Investing, as I've often written is part science, part art form. The science is the practical discipline that results in efficient execution and oversight (boring, right?) But while science can fulfill a need, it is the art that can frame the value in otherwise misleading landmarks most notably prevailing in our emotions.   For me expectations are at the root of most emotions, namely the more emotionally grounded the expectations the more likely the unexpected result.  Simply put the financial markets don’t decline when people expect them to, they decline when they don’t.

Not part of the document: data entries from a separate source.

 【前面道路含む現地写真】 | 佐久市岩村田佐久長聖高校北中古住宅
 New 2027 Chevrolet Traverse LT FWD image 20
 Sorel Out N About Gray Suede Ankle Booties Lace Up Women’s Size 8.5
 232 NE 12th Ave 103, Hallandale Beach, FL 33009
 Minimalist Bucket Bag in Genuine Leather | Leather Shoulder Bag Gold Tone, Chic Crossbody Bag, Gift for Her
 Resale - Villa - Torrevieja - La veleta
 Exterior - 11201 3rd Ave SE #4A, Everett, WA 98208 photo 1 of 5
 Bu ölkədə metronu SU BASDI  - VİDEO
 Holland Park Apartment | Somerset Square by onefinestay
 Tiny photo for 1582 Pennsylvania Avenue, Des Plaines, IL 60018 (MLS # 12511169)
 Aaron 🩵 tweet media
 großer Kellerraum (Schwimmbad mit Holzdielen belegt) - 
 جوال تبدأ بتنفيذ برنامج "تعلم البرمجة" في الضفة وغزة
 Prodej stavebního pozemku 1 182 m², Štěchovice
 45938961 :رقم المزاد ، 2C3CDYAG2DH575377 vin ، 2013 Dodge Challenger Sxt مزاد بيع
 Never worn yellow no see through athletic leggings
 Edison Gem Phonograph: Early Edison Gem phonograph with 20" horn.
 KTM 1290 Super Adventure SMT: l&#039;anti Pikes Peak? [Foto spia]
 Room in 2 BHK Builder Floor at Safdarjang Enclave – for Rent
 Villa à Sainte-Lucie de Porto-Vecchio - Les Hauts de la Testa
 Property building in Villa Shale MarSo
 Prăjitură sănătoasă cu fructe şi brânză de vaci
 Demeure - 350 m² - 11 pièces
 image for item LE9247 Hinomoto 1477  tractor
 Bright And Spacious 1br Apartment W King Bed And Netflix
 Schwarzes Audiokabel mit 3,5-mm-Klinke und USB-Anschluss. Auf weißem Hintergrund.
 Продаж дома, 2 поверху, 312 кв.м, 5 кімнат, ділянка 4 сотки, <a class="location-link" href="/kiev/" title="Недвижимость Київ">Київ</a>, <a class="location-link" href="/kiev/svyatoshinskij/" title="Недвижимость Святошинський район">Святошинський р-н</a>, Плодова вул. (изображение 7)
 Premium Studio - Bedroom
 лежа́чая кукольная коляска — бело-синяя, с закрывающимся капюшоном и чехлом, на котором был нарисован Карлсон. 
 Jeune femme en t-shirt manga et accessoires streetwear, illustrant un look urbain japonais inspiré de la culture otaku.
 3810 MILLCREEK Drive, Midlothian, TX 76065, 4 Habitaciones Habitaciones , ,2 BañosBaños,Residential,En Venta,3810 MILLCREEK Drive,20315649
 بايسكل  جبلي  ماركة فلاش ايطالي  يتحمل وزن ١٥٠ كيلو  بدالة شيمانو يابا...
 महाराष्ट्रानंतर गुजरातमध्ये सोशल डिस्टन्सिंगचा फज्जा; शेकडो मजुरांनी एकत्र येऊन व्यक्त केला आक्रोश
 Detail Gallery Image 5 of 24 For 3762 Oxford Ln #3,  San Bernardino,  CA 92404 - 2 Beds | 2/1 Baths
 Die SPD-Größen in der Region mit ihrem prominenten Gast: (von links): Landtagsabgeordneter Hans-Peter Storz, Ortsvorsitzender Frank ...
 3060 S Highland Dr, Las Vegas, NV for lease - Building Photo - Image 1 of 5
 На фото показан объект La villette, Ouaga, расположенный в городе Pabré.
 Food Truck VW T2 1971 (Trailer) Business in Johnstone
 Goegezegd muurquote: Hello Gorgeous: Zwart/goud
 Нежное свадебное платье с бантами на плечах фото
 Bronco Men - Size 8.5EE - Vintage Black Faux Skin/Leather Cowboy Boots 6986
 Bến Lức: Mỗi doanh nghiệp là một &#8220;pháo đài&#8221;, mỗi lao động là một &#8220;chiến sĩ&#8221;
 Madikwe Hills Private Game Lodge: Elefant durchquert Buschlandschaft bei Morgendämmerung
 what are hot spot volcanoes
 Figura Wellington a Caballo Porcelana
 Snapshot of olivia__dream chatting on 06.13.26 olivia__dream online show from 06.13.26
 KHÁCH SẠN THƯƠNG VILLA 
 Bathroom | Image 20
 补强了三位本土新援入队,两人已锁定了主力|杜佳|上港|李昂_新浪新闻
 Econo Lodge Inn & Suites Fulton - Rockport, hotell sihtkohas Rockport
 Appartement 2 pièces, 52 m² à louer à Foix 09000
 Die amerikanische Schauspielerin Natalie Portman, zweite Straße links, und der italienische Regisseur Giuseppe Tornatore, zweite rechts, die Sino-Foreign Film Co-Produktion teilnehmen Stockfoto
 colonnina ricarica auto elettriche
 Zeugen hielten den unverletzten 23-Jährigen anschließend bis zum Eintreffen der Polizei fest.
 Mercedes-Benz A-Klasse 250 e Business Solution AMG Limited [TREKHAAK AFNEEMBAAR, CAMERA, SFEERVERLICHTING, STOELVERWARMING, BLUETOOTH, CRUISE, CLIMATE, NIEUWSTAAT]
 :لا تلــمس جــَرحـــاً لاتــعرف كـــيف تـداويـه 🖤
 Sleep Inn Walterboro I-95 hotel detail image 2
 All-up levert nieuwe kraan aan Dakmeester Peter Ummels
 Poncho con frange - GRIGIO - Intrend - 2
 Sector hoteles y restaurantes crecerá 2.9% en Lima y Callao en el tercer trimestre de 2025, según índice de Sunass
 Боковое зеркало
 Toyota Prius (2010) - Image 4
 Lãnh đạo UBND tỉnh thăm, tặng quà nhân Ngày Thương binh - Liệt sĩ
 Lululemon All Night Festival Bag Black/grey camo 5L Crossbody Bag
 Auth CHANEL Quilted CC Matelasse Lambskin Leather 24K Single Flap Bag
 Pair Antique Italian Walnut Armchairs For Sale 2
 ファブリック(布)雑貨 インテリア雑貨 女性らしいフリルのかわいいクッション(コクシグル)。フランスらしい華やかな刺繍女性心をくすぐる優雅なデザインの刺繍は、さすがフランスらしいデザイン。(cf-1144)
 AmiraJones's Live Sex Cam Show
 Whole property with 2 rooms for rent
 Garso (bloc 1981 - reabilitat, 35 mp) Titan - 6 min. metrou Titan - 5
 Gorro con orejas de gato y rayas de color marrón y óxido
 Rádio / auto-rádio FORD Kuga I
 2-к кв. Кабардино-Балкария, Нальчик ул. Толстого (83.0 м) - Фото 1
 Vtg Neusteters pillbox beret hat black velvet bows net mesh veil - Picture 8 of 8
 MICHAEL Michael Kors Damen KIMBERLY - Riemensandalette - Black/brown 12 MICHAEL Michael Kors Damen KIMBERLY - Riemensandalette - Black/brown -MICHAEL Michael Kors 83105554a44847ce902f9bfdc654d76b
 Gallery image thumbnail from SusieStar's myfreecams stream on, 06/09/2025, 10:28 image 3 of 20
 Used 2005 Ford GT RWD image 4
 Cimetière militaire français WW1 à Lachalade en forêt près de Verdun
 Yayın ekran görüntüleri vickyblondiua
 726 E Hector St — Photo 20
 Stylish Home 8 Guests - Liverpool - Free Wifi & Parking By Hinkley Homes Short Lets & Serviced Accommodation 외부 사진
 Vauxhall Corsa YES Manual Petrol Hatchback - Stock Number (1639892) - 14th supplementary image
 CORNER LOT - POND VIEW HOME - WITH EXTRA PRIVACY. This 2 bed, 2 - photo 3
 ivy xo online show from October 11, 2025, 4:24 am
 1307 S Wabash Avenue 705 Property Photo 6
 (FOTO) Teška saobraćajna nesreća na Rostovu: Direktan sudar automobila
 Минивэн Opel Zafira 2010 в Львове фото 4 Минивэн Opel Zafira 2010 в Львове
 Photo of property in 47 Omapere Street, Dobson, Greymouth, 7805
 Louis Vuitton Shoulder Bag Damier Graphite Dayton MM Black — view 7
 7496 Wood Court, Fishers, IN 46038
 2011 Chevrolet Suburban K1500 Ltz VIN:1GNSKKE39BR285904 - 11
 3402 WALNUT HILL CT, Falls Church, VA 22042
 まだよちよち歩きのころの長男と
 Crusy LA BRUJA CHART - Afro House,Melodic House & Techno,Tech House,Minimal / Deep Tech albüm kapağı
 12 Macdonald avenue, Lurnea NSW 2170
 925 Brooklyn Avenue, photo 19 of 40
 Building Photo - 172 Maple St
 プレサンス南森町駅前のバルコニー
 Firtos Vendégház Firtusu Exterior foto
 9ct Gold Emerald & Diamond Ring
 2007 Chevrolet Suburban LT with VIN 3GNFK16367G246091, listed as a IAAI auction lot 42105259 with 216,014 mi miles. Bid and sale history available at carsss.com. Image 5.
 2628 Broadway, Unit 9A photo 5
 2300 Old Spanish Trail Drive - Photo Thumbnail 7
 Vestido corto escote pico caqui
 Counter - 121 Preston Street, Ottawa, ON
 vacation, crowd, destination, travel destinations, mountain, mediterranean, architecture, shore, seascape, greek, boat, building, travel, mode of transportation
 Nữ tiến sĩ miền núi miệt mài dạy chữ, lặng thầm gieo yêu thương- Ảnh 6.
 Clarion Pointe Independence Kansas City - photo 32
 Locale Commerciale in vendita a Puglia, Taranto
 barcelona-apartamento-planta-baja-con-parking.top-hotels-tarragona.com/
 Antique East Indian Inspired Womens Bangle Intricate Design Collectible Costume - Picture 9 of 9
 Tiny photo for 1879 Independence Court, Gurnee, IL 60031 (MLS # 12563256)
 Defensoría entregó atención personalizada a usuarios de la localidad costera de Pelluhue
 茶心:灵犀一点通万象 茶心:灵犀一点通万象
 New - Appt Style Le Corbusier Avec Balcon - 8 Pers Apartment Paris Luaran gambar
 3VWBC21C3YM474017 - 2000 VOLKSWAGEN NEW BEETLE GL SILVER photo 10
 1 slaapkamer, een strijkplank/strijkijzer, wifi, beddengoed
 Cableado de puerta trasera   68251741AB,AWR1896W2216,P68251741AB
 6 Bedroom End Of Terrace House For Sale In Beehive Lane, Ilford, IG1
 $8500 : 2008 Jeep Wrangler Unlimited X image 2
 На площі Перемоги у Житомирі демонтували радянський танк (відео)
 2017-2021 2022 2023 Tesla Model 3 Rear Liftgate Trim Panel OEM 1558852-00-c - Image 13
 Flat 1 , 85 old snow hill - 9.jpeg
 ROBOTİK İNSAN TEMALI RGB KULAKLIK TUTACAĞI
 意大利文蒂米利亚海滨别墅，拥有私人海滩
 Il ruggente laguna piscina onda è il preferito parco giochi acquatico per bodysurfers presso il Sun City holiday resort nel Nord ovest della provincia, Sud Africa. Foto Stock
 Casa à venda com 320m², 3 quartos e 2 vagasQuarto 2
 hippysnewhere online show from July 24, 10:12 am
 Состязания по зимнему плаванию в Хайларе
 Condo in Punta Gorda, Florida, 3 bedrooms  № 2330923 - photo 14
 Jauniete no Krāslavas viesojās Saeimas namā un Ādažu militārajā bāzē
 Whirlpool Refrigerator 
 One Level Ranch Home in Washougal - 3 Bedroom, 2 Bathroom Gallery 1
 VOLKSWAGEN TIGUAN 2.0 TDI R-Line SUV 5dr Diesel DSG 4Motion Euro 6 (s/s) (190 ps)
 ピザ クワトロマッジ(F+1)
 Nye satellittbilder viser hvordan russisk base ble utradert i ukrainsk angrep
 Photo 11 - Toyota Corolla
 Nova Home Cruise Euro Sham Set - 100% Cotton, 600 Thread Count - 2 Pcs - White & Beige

This brings me to this time of year when the broad markets perform in a manner that I describe as consistent with needs over emotions. The needs are the various portfolio shifts that cause some beloved stocks, such as Apple (-19%), to sharply decline and others show a year end spike higher such as Ford Motor (+18%). While the moves are generally blamed on hostile forces such as market manipulators, which make for more lively press, the truth is far more pragmatic. Apple for example, whose stock price had risen over four times the value of the S&P Index, also had the highest market cap* in the Index (NASDAQ) where it resides. And without going into too much detail in addition to the many impressive statistics much of the rise in its price has been at the behest of its most loyal customers. Nice idea, but the truth is investors are not by and large a loyal bunch and with profit taking and the potential for the Capital Gains Tax rate to increase next year due to a fiscal cliff compromise the reasons to sell far outweigh the reasons to buy and so goes the stock price. The needs outweighed the emotions and it’s playing out as I expected.

Going forward is still anyone’s guess, but many of the efforts I’m making to take advantage of these yearend conditions include the following:


Most people know the various risk models I use are designed to make the time reviewing portfolios more productive. At this time of year my review is as always focused on Asset Allocation** but I take it a step further to review the individual holdings. This is because a new year generally brings with it heightened expectations touched by economic and political winds and neatly wrapped in optimism or pessimism. For the record I believe many investors and would be investors remain cautious about the stock market and ongoing political discord feeds economic uncertainty.


If the Asset Allocation review is in line with a clients expectations, and the individual holdings are in line with my expectations than I leave the account alone. However, should the account need more bonds and less foreign exposure than I’ll rebalance it. My goal is always to stay true to the client’s expectations.

Tax Harvesting

My review may also include extra steps with regard to taxable accounts. These are the accounts where most of the holdings are designed for tax advantage. For example accounts invested in municipal bonds for the tax free income. Sometimes assets that have been held for over a year can be sold with a gain or a loss that takes advantage of Capital Gains Tax rules which  also provides a strong incentive to invest long term rather than speculate short term.

This year end market environment is especially busy with fiscal cliff issues and its accompanying concerns. But overall, the economy is already showing some signs of weakness that while not snapping to growth will breathe a sigh of relief and might drift for a quarter. On some days, that’s as good as a rally!